Re-registered by the DVLA as ‘OSL 332’ on September 1st 2000 despite the presence of buff and green continuation logbooks, the Lagonda has been entrusted to a veritable Who’s Who of marque specialists since being repatriated. Peter Whenman’s Vintage Coachworks were responsible for fitting a new water pump, full-flow oil filter conversion kit, double electric fuel pump, stainless steel silencer box and running board strips not to mention treating the rear springs to new shackles, bushes and pins, while Bishopgray re-set the springs, adjusted the brakes, replaced the steering box bracket and front hubs, flushed the petrol tank and renewed the brake boots etc. Bought by the vendor from Mr Sword in November 2004, the Tourer was sent to Jonathan Wood Vintage & Thoroughbred Restorations for servicing and sundry improvements during May 2005 at a cost of £2,756.88. Thereafter, much of its maintenance has been carried out by David Wall Vintage & Classic Cars of Wroxham. As well as general servicing, Mr Wall has been responsible for re-coring the radiator (2008), refurbishing the cylinder head with hardened valve seats (2009) and adjusting the valves etc (2015).

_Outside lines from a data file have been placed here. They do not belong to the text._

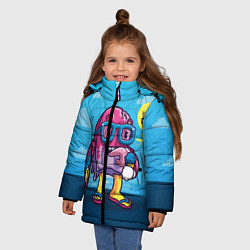 Куртка зимняя для девочки Летнее мороженное, цвет: 3D-черный — фото 2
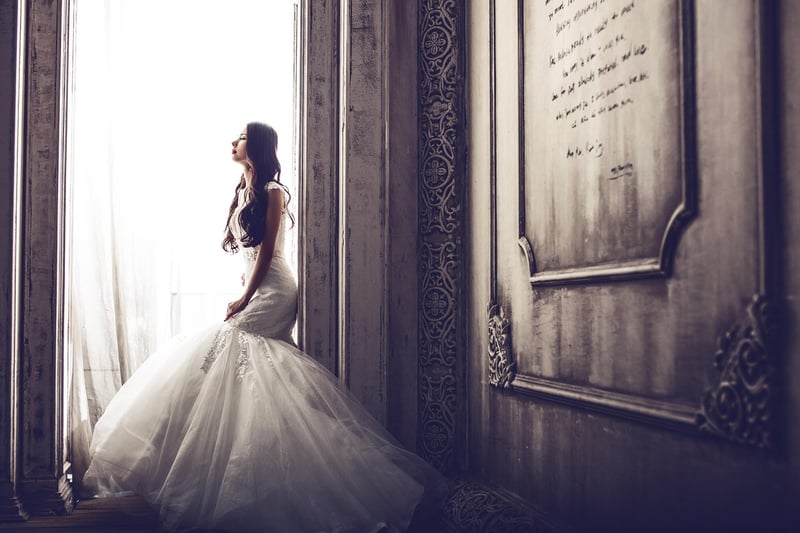 Vintage Lace A-Line Gown
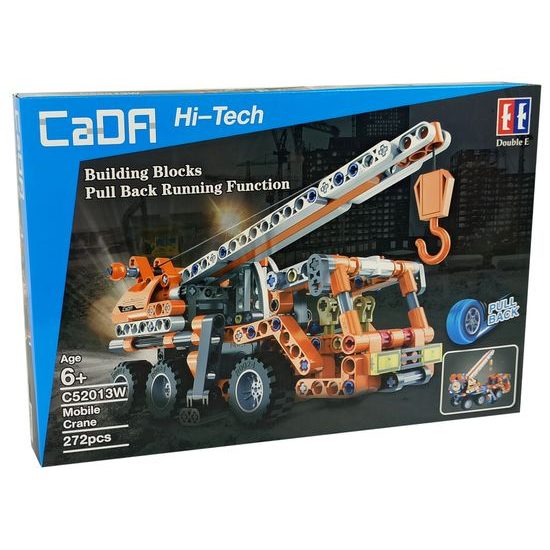 CaDA dětská stavebnice Jeřáb 272 dílků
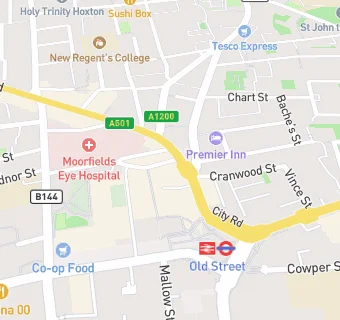 map for Z Shoreditch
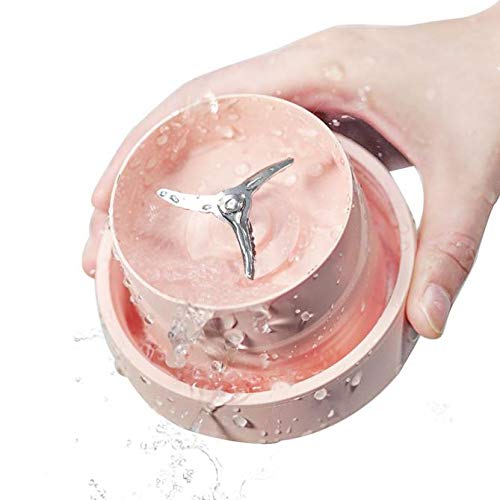 Portable Electric Juicer Cup with USB Rechargeable Battery - 400ML Mini Blender with 3 Stainless Steel Blades for Smoothies, Shakes & Juices - Perfect for Home, Office, Gym & Outdoor Travel
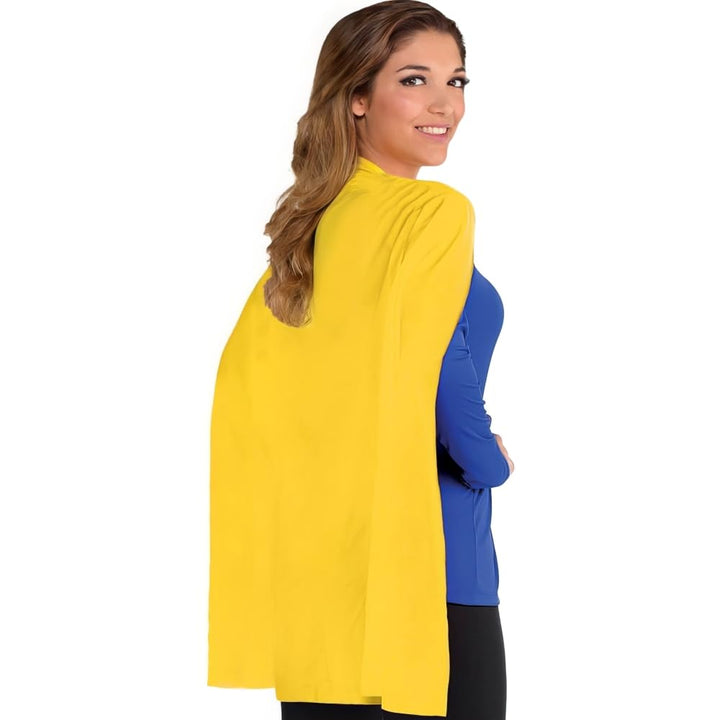 Yellow Cape Costume for Kids and Adults - One Size Fits Most (1 Count) - Great For Party Dress-Up - Superhero & Halloween Capes Yellow One Size, 1 Pc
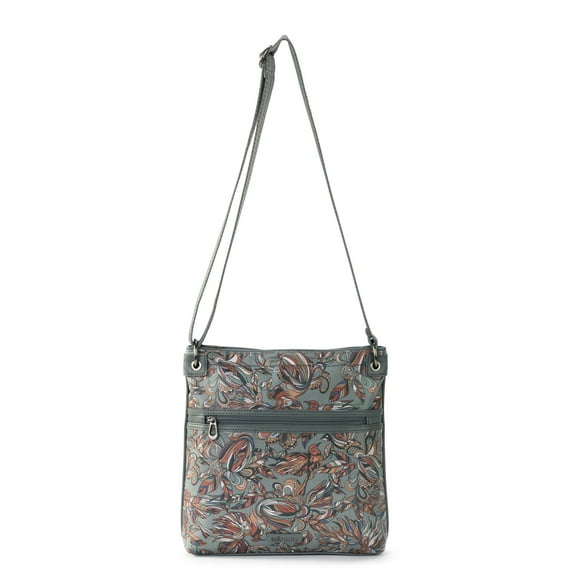 Sakroots Artist Circle Flat Crossbody , Cotton Coated Canvas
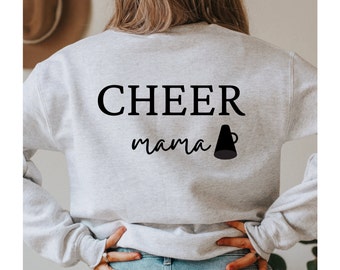 Cheer Mom Svg, Cheerleader Svg, Team Spirit Svg, Cheer mom Shirt Svg, Cheer life Svg, Gift for mom Svg, Png Dxf Cricut sublimation Cut files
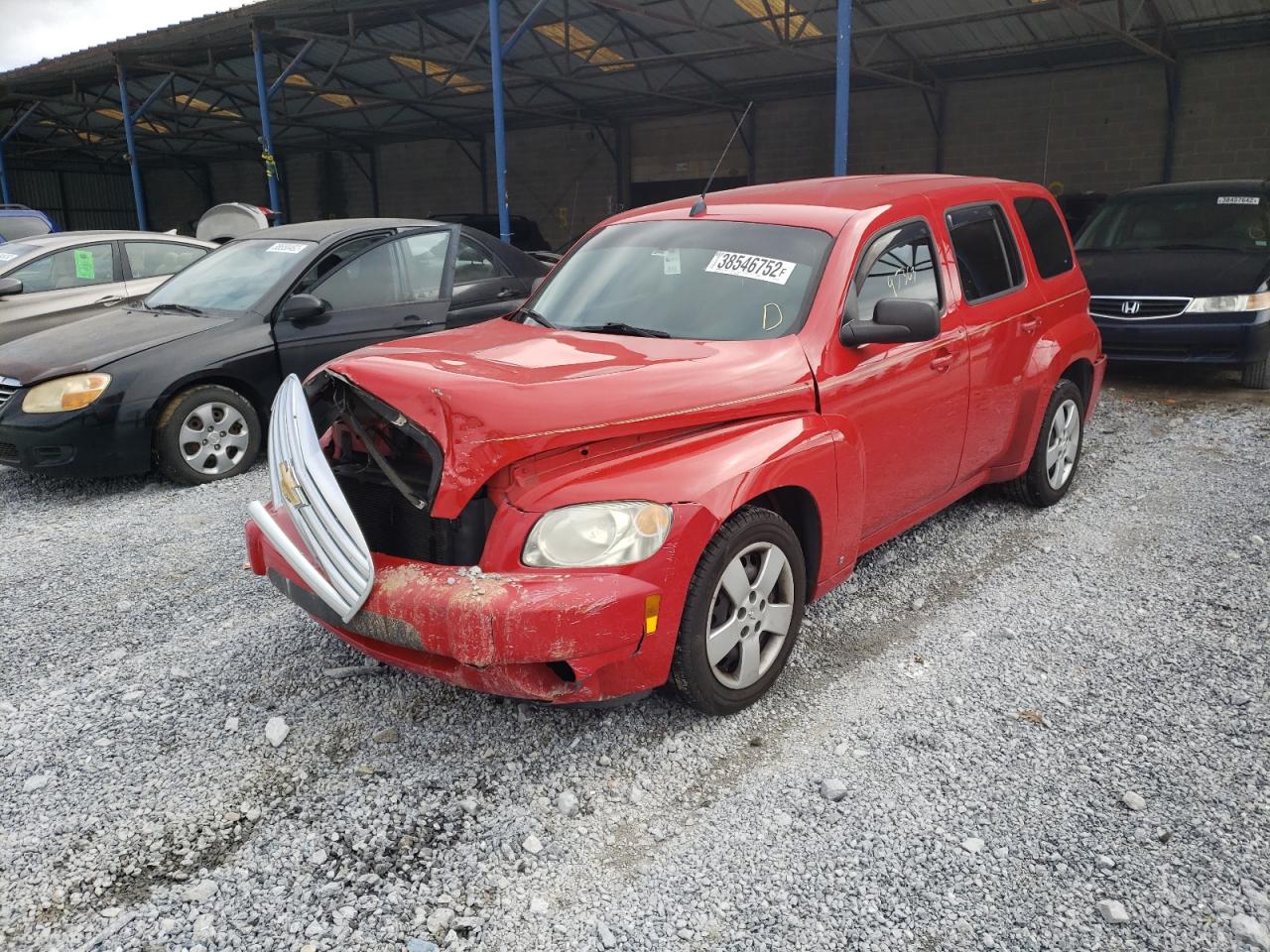 Photo 2 from auction – 2010 CHEVROLET HHR LS with VIN 3GNBAADB4AS503426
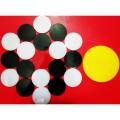 Carrom Guti ,Carrom Coins With Striker- 9 White & 9 Black Coin With 1 Striker - Chess Board. 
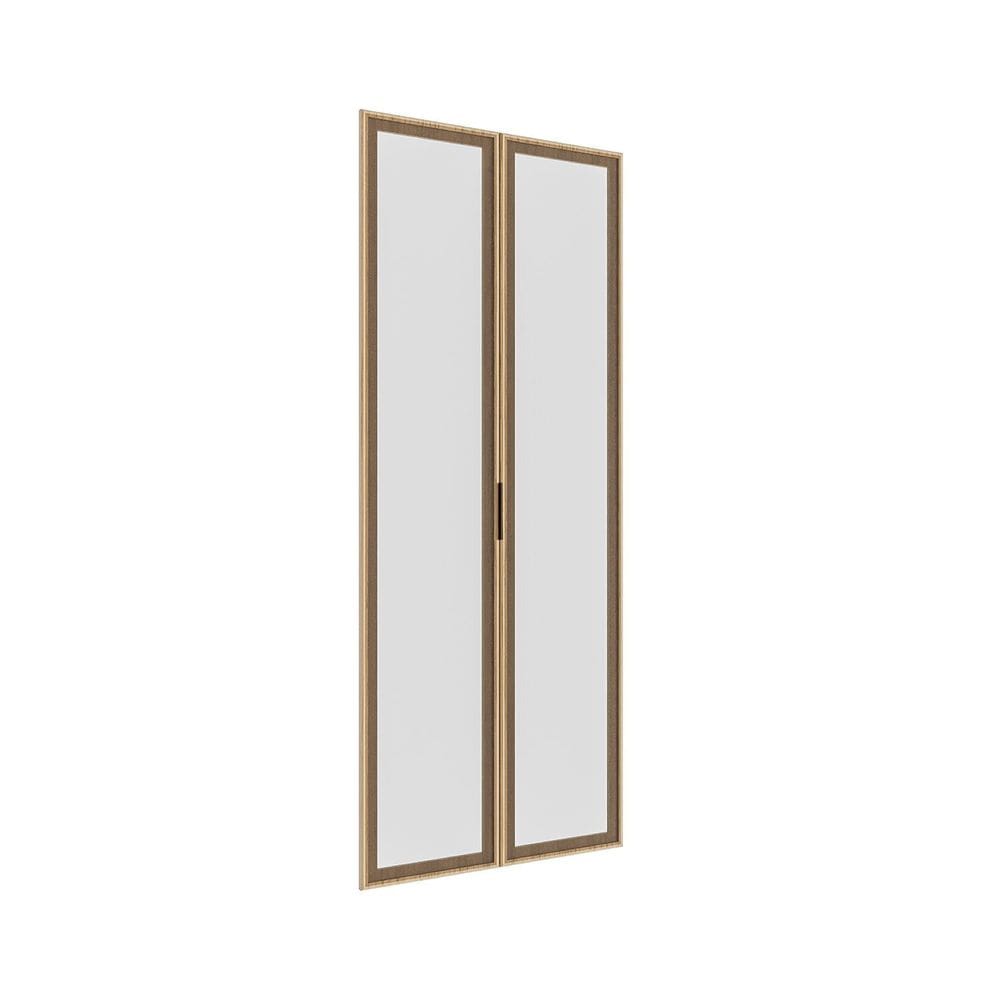 Kit 2 Portas Reflecta Para Guarda-roupa de Canto Reto Modular 95cm Jade Cabecasa Madeiramadeira Avelã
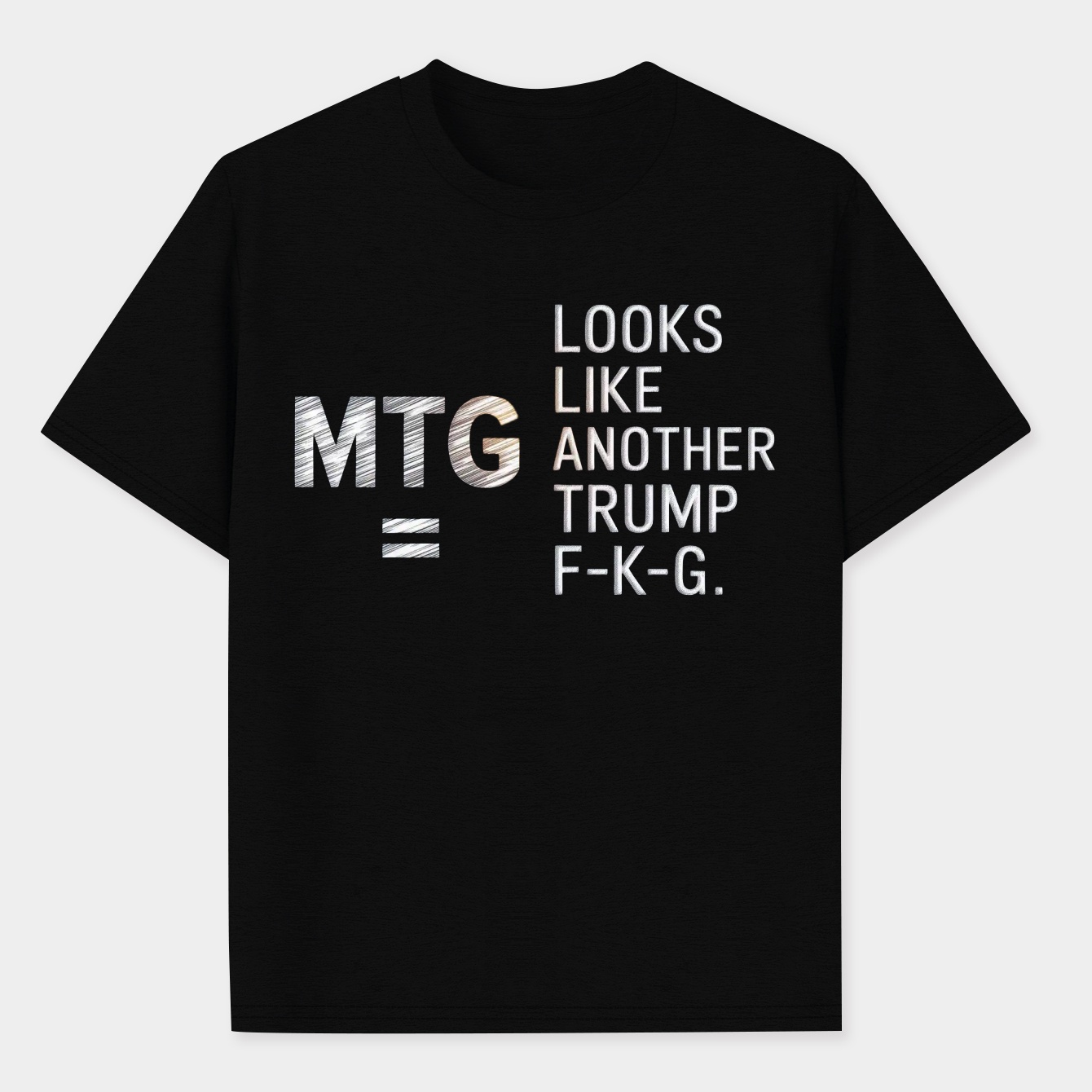 Let It Go Statement Design Men's Performance Athletic T-Shirt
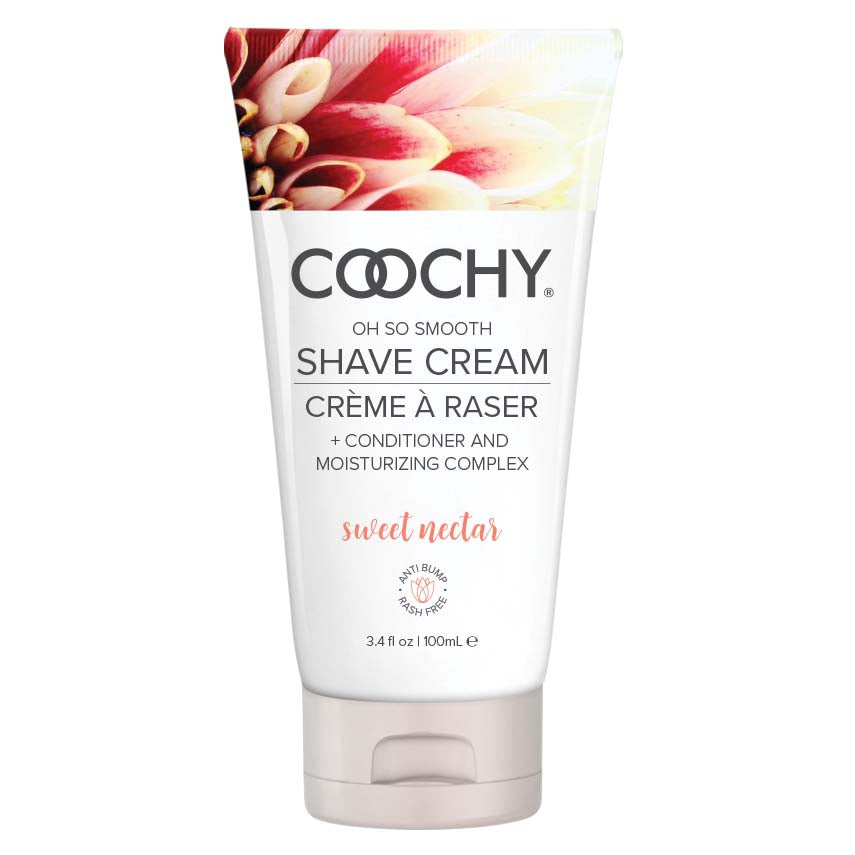 Coochy Shave Cream - Sweet Nectar - 3.4 Oz | 638258900683 | Available at EroticWarehouse.com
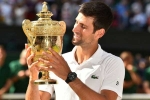 Wimbledon, Wimbledon title winner, novak djokovic beats roger federer to win fifth wimbledon title in longest ever final, Wimbledon title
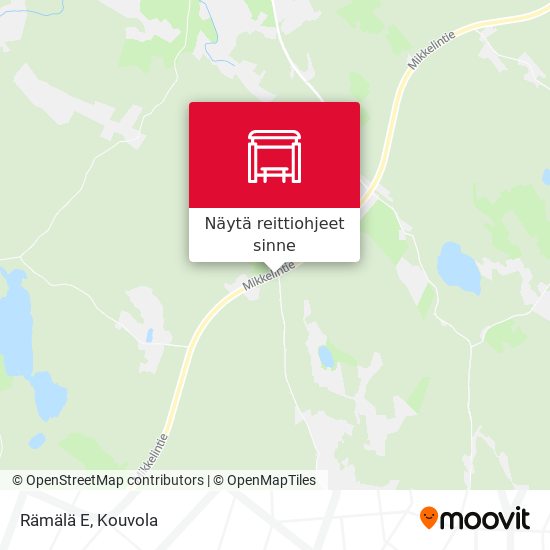 Rämälä E kartta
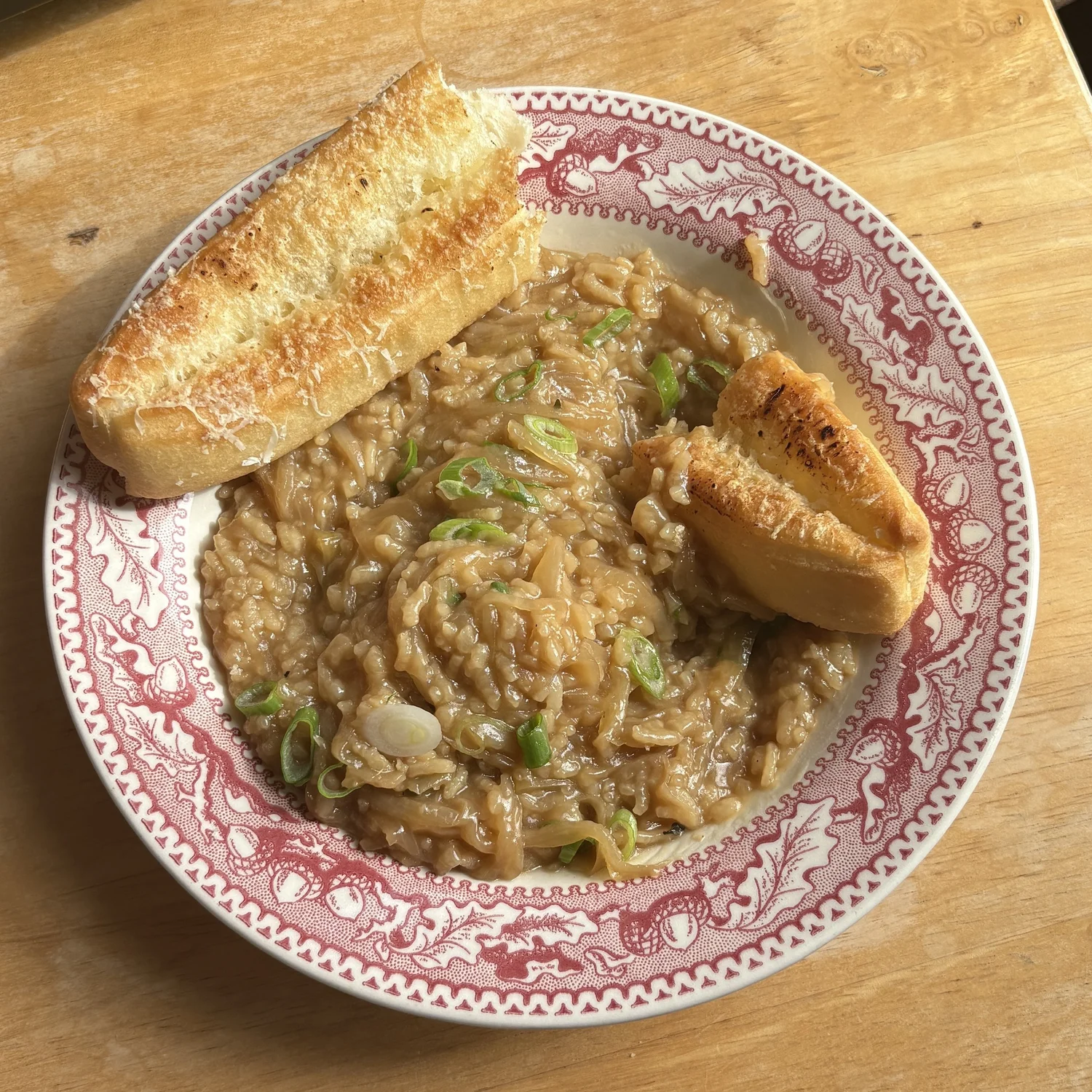 French Onion Congee — Acid League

Introduced at the 1933 Olympia Motor Show, the M45 remains for many the ultimate sporting Lagonda. Derived from that of its 3-Litre ZM series predecessor, the newcomer’s chassis was very much Vintage in flavour featuring a 10ft 9in wheelbase,
all-round semi-elliptic leaf-sprung suspension and four-wheel drum brakes.
Doubtless influenced by the Monte Carlo Rally win and Brooklands triumphs that Invicta had achieved since fitting the proprietary Meadows 6ESC 4453cc OHV straight-six engine to its products, Lagonda chose to install the same powerplant and associated Meadows T8 four-speed gearbox aboard the M45. The result was among the fastest cars that money could buy with closed examples able to exceed 90mph and open ones, given the right conditions, punching past 100mph.
Contemporary reports in Autocar and Motorsport magazines praised the Lagonda’s ‘brilliant acceleration and sheer performance’ as well as its ‘high power-to-weight ratio’ and ‘easy running in a way that can be achieved to the fullest extent only by a big-engined machine working well inside its limits’.
The Staines manufacturer had amply demonstrated this latter point during pre-production testing when a prototype took fourteen hours less to cover the 1,500 miles between Dieppe to Brindisi than an express train! Arthur Fox and Bob Nicholl whose specially prepared Roesch Talbot 105 cars had done so well in international races and rallies were quick to spot the potential in the new Lagonda. A trio of shorter wheelbase, skimpily bodied and tuned M45 racers took the Team Prize at the 1934 Ards TT with one of their number claiming outright victory at the following year’s Le Mans 24 hours against Alfa Romeo 8C 2300 opposition. Inspired by the Fox & Nicholl Team Cars, the Rapide version of the M45 boasted a lighter chassis (10ft 3in wheelbase), uprated engine (RR50 alloy crankcase, Scintilla magneto, stronger connecting rods and larger crankshaft bearings) and more powerful Girling brakes plus a freewheel device for the transmission. Considerably more expensive than its standard sibling at £825, the Rapide accounted for just 53 sales making it particularly sought after today.